Escribió al cónsul de Nueva York, al ministro de Wáshington, al amigo de una amiga, al cuñado de un amigo pidiendo noticias de su marido, y como echar las cartas a la basura. Por un abarrotero judío supo que el honorable secretario de la Legación Americana, detective y diplomático, tenía noticias ciertas de la llegada de Cara de Ángel a Nueva York. No sólo se sabe oficialmente que desembarcó -así consta en los registros del puerto, así consta en los registros de los hoteles en que se hospedó, así consta en los registros de la policía-, sino también por los periódicos y por noticias de personas llegadas muy recientemente de allá. «Y ahora lo están buscando -le decía el judío-, y vivo o muerto tienen que dar con él, aunque parece ser que de Nueva York siguió en otro barco para Singapur.» «¿Y dónde queda eso?», preguntaba ella. «¿En dónde ha de quedar?

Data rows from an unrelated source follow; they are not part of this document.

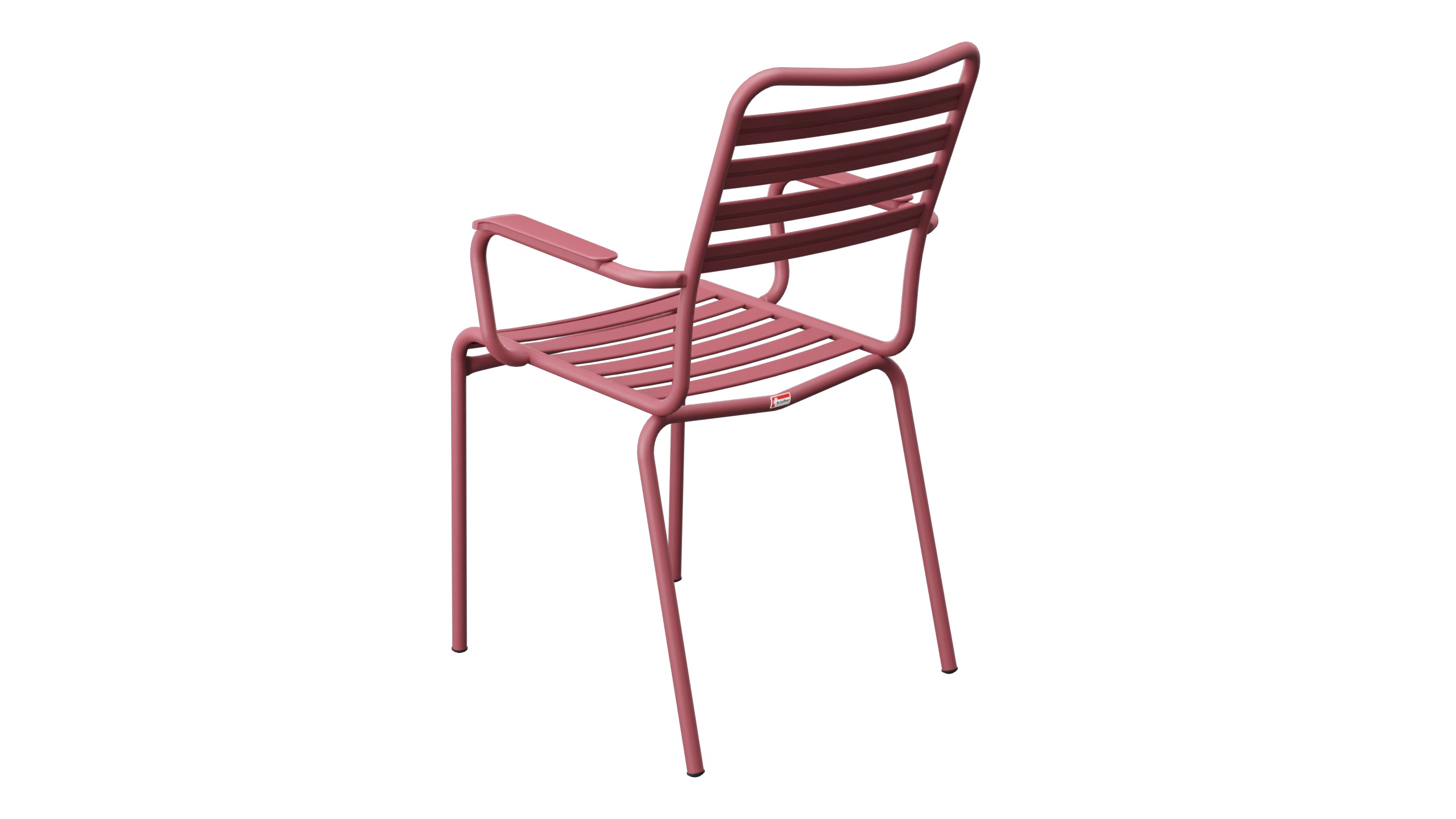 Rigi Lättli-Gartenstuhl mit Armlehne in Bordeaux präsentiert im Onlineshop von KAQTU Design AG. Gartenstuhl mit Armlehnen ist von Schaffner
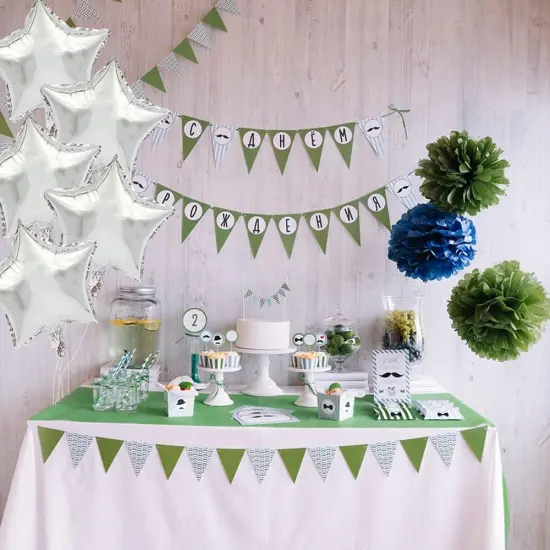 30 Pcs 18" Silver Star Balloons Foil Balloons Mylar Balloons for Birthday Party,Wedding,Valentine's Day, engagement party，Christmas,Baby Shower Backdrops Decorations {3}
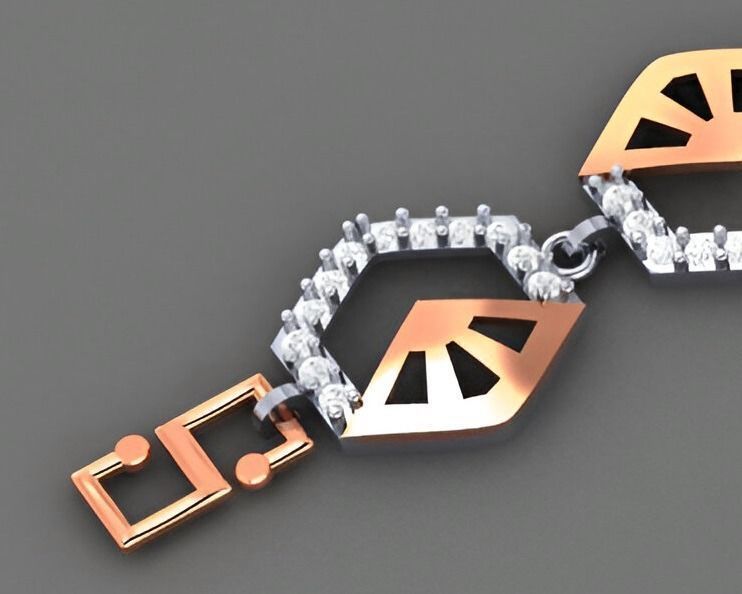Geometric Light Diamond Bracelet 3dm stl renders details 3D print model_6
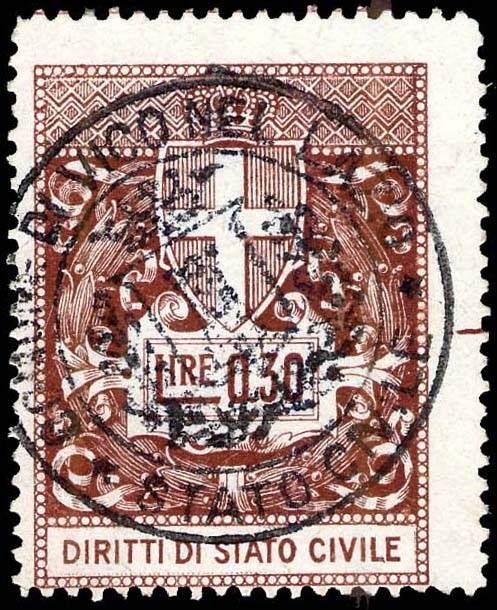 Marca da Bollo del Comune di VICO NEL LAZIO su Carta Bianca di dimensioni 28 x 36,5 mm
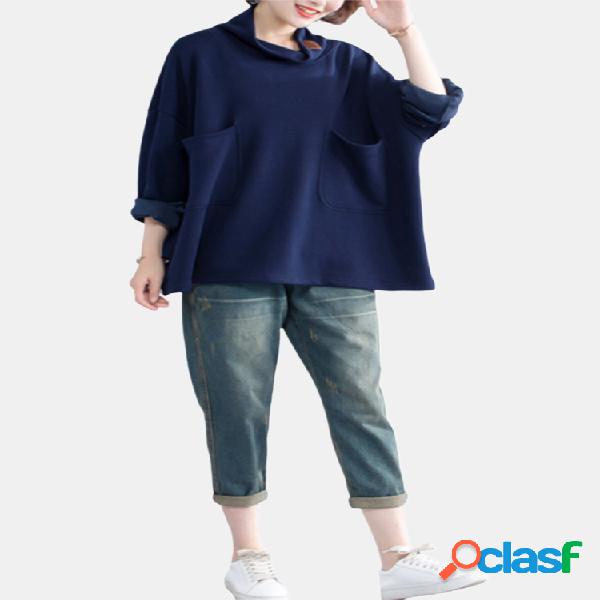 Camisola de manga comprida gola casual de gola alta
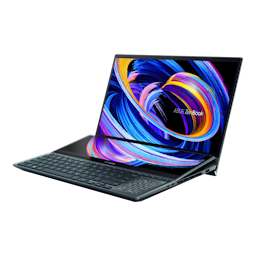 ASUS Notebook Zenbook Pro Duo (Celestial Blue) Intel Core i9-12900H Processor 15.6" 4K (3840 x 2160) OLED 32GB LPDDR5 on board 1TB M.2 NVMe SSD NVIDIA RTX 3060 6GD6 Windows 11 Home | Office Home and Student 2021 included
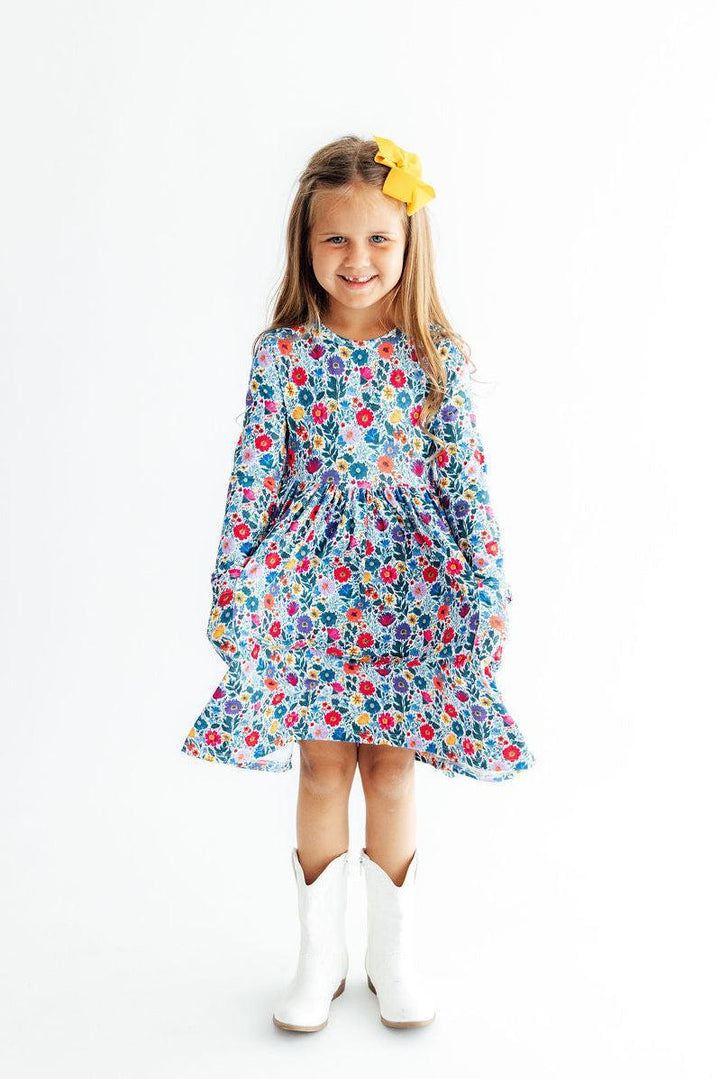 Vintage Floral L/S Pocket Twirl Dress-Mila & Rose ®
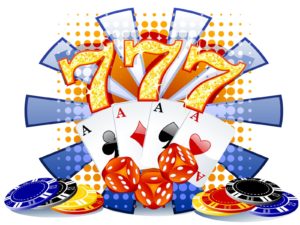 Gambling illustration with Casino Elements Backgrounds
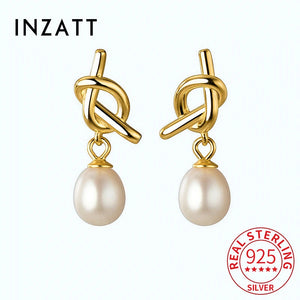 925 Silver Knot Pearl Stud Earrings Classic Minimalist Jewelry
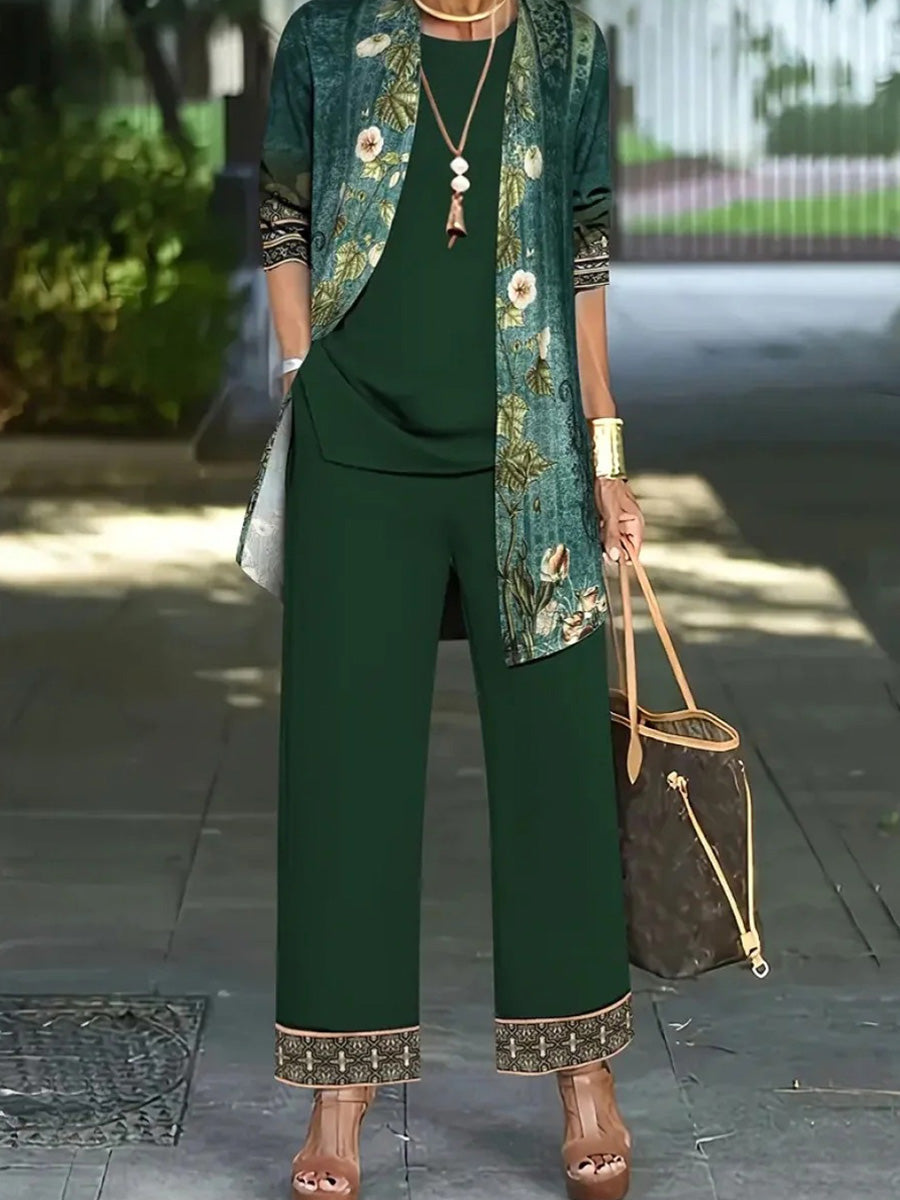 Green Floral Print Long Sleeve Three Piece Set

En Indochina», respondía el judío entrechocando las planchas de sus dientes postizos. «¿Y como cuánto dura una carta en venir de allá?», indagaba ella. «Exactamente no sé, pero no más de tres meses.» Ella contaba con los dedos. Cuatro tenía Cara de Ángel de haberse ido.

En Nueva York o en Singapur… ¡Qué peso se le quitaba de encima! ¡Qué consuelo tan grande sentirlo lejos -saber que no se lo habían matado en el puerto, como dio en decir la gente-, lejos de ella, en Nueva York o en Singapur, pero con ella en el pensamiento!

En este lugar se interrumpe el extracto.